§ **Exercise brief**
Tally the lines of the records that contain the string "Black", then give the total and nothing more.

#### Task data ####

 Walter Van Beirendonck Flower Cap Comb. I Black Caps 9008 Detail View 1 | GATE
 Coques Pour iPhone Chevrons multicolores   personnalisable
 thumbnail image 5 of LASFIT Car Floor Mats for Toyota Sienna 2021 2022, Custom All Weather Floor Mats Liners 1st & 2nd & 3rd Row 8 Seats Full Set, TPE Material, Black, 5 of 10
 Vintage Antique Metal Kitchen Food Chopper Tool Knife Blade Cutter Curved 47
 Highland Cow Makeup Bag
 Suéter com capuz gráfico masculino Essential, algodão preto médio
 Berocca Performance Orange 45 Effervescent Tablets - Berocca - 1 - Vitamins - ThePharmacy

####

§ **Exercise result**
2